Court 3 went to Wake Forest first and quickly. No. 29 Pow defeated No. 48 Santamarta Roig 6-1, 6-0 in the most lopsided result of the day, with Pow dictating from the baseline with heavy topspin and giving Santamarta Roig almost nothing to work with. Santamarta Roig stayed in nearly every game but could never quite push one to deuce, as Pow raised denied the Spanish freshman any foothold. The swift victory extended Wake Forest’s lead to 2-0 and put immediate pressure on the rest of the Virginia lineup.
No. 1 Dietrich responded on Court 1, delivering Virginia’s first point with a commanding 6-2, 6-4 win over No. 30 Suresh Ekambaram, handing Wake Forest its first lost point of the entire ACC Championship. Dietrich landed his serve deep and precise while his inside out forehand consistently pulled Suresh Ekambaram wide to open up the court. Suresh Ekambaram struggled to generate anything on his second serve as Dietrich attacked it relentlessly, winning 68 percent of second serve return points across the match and improving his record to 19-1 on the season — including 12 straight wins in completed matches.
Dahlberg then tied the match 2-2 on Court 6, defeating sophomore Joaquin Guilleme 6-2, 6-4 in what was his final ACC Championship singles match as a Cavalier. In the regular season meeting between the two, it had been Guilleme who had gotten the better of Dahlberg, but on Sunday, Dahlberg flipped the result entirely. He was sharp from the opening game, pushing Guilleme wide with his slice backhand and stepping in to finish with a clean forehand. He dominated the first set 6-2 and carried that level into the second, breaking from the first game, to add to the team score.
No. 15 Rice’s Court 2 battle against No. 60 Rottgering — seventh in the college UTR rankings to Rice’s 20th — was one of the more competitive matches of the afternoon, ultimately going to the Wake Forest freshman. The first set was level through the opening games before Rottgering broke at 2-3 to take the critical advantage, and Rice could not find the break back he needed to level, leading Rottgering to close out the set 6-4.

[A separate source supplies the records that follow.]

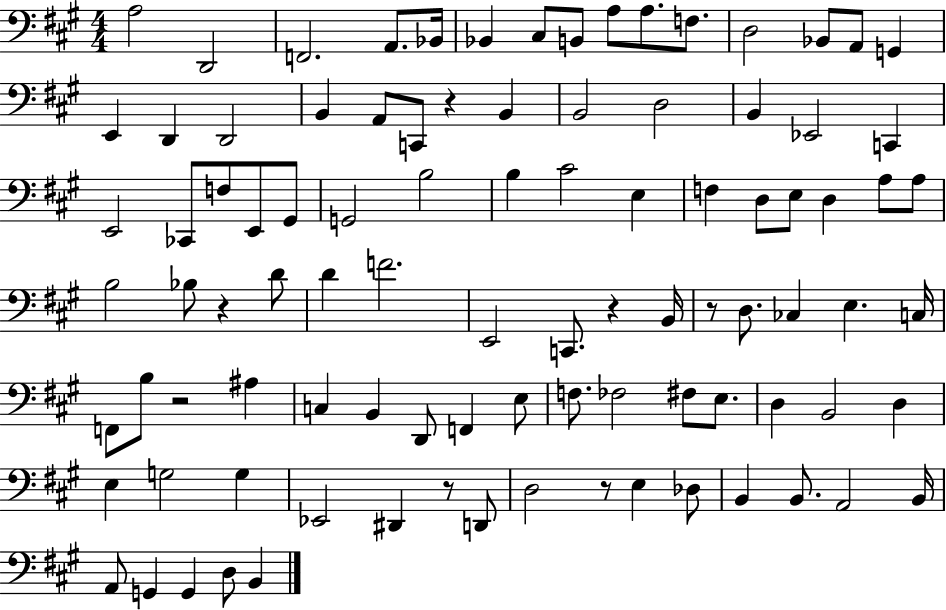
{
  \clef bass
  \numericTimeSignature
  \time 4/4
  \key a \major
  a2 d,2 | f,2. a,8. bes,16 | bes,4 cis8 b,8 a8 a8. f8. | d2 bes,8 a,8 g,4 | \break e,4 d,4 d,2 | b,4 a,8 c,8 r4 b,4 | b,2 d2 | b,4 ees,2 c,4 | \break e,2 ces,8 f8 e,8 gis,8 | g,2 b2 | b4 cis'2 e4 | f4 d8 e8 d4 a8 a8 | \break b2 bes8 r4 d'8 | d'4 f'2. | e,2 c,8. r4 b,16 | r8 d8. ces4 e4. c16 | \break f,8 b8 r2 ais4 | c4 b,4 d,8 f,4 e8 | f8. fes2 fis8 e8. | d4 b,2 d4 | \break e4 g2 g4 | ees,2 dis,4 r8 d,8 | d2 r8 e4 des8 | b,4 b,8. a,2 b,16 | \break a,8 g,4 g,4 d8 b,4 | \bar "|."
}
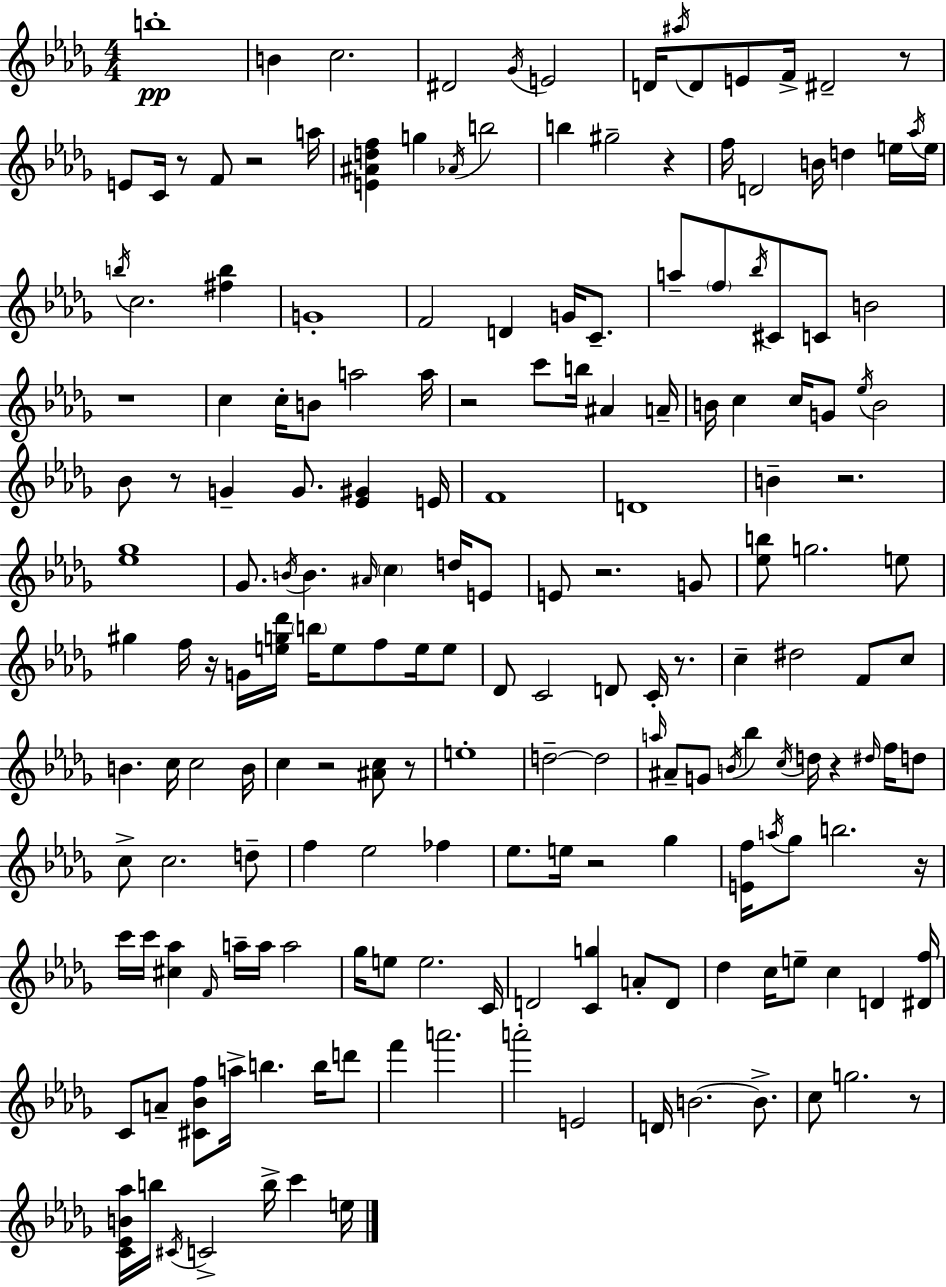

The second set was even tighter, with the two players exchanging breaks twice, neither able to hold onto an advantage for long, with long baseline rallies and high quality shot making from both sides. Rice pushed the set all the way to a tiebreak, but Rottgering was composed when it mattered most, winning it 7-4 to take the match against one of the Cavaliers’ most reliable players.
On Court 5, Shah defeated Brockett 6-2, 4-6, 6-2 in the match that ultimately ended Virginia’s tournament run. The first set was a difficult one for Brockett, with Shah aggressive and precise from the baseline to take it 6-2, but Brockett came out with a different energy in the second, finding his rhythm, moving swiftly on the baseline and hitting more consistent, strong shots to close it out 6-4 and force a deciding third. That last set, however, told a different story. Brockett was unable to replicate the intensity he had shown to claw back into the match, as Shah got up multiple breaks early and closed it out 6-2 to clinch Wake Forest the ACC title.
On Court 4, Kim had dropped a competitive first set 6-4 to sophomore Charlie Robertson, but had adjusted in the second, getting more aggressive on return games and taking more time away from his opponent, taking it 6-4. The third set was underway with Robertson leading 4-1 when the match was halted.
“Congrats to Wake Forest,” Coach Andres Pedroso said afterward. “They deserved it. They were just a little better. That was the difference. And we expected it to be a tough match, a great match, and it was.”
The loss marked Virginia’s third consecutive final appearance without a title and dropped the program’s all-time ACC Championship final record to 13-7. The Demon Deacons, who won both regular season and tournament meetings against Virginia this season by the same 4-2 score, proved once again that they are the standard the Cavaliers are chasing.
The Cavaliers will now turn their attention to the NCAA Tournament. A selection show for seeding and matchups is set for April 27, with first-round play beginning May 1.